At that, Sally got down off her huff. “Tomorrow.” She smiled at the thought. “Bobby’s mom is helping me. She thinks it’s neat I’m moving near Bobby. And her other son too, Jimmy. They both got arrested together on that job in New Orleans. So she can come and stay with me and visit them. You know, she did the sweetest thing after I got robbed.”

“Really?” Sam was already halfway out the door. “What’s that?”

“She gave me Bobby’s gun.”

*

Jane was sitting on the sofa in Sam’s apartment in her Uncle George’s big house when Sam got home.

“Peaches let me in,” she said. “I hope you don’t mind.”

“Mi casa, su casa, sweetie. You look like something’s definitely up. Am I right?”

“Positivo.” Then she told Sam about being frozen stock-still and naked in her apartment. Knowing someone had been there. Was there.

“My God! And then what?”

“Well, I kept hollering and hollering, and nothing happened, so finally I said screw it, went on into the kitchen and got a glass of ice water and a butcher knife and I marched back into the bathroom. No one there, not even behind the shower curtain. Bedroom. Zilch. Threw open the closet.”

“Jesus! Braver woman that I, Wildwood. All of this naked?”

“What the hell, it didn’t seem like an occasion to get dressed up for—and, let us remember, I didn’t have any fresh clothes.”

It was then Sam noticed that Jane had changed. These weren’t the same things she was wearing this morning.

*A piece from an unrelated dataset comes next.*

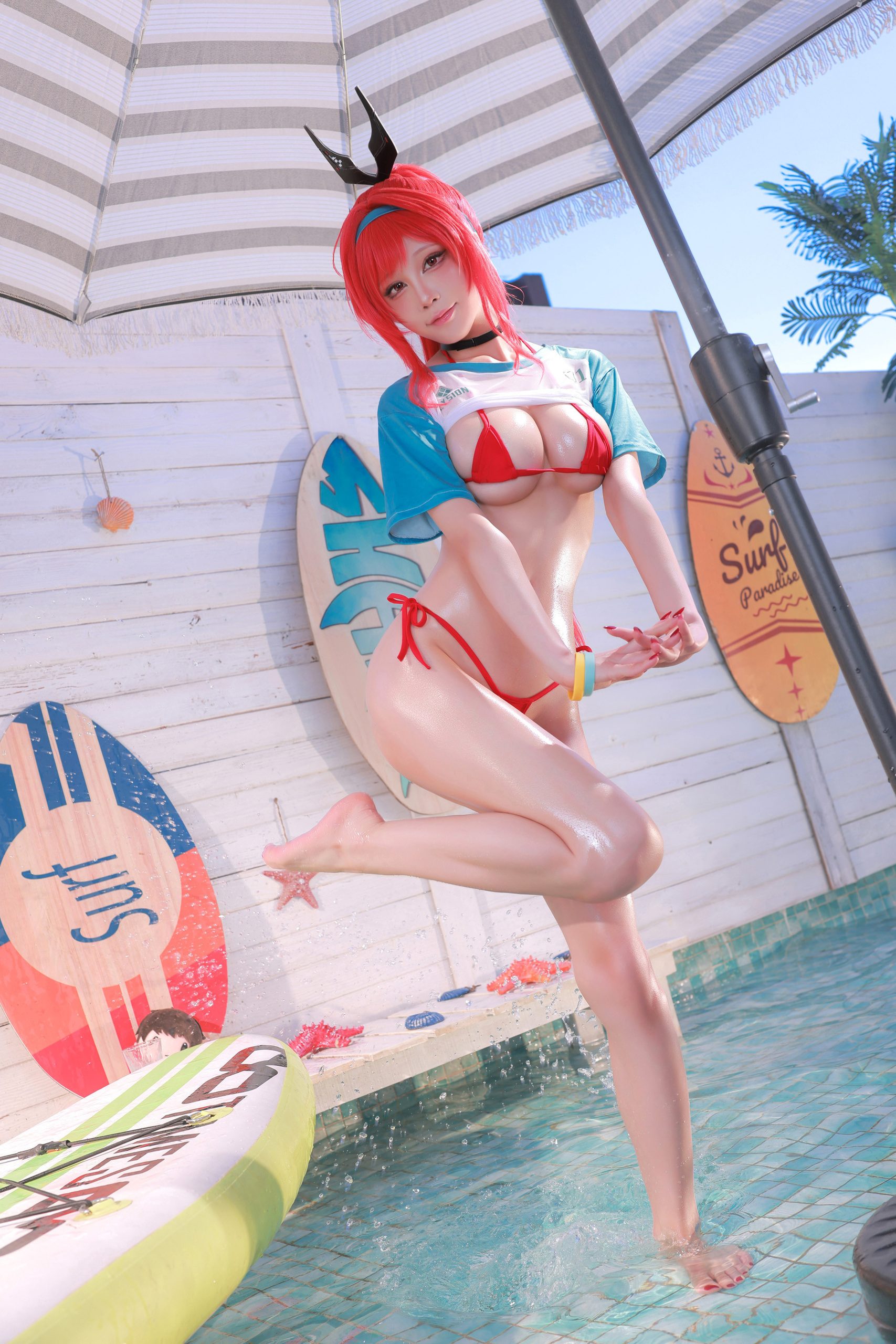 《胜利女神：妮姬》拉皮：水淼Aqua - 第28张写真大图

“Guess what was in my closet?”

“The boogie man?”

“My clothes.”

“You’re kidding!”

Jane threw her hands up, shrugged. “Why would I lie?”

“All of them?”

“Well—almost all. The things I’m sure are missing are a long black lacy robe Dick gave me. A few pieces of underwear—the sexiest kind of stuff—you know. A white chiffon blouse with pockets over the bazooms. But it’s hard to remember everything I had.”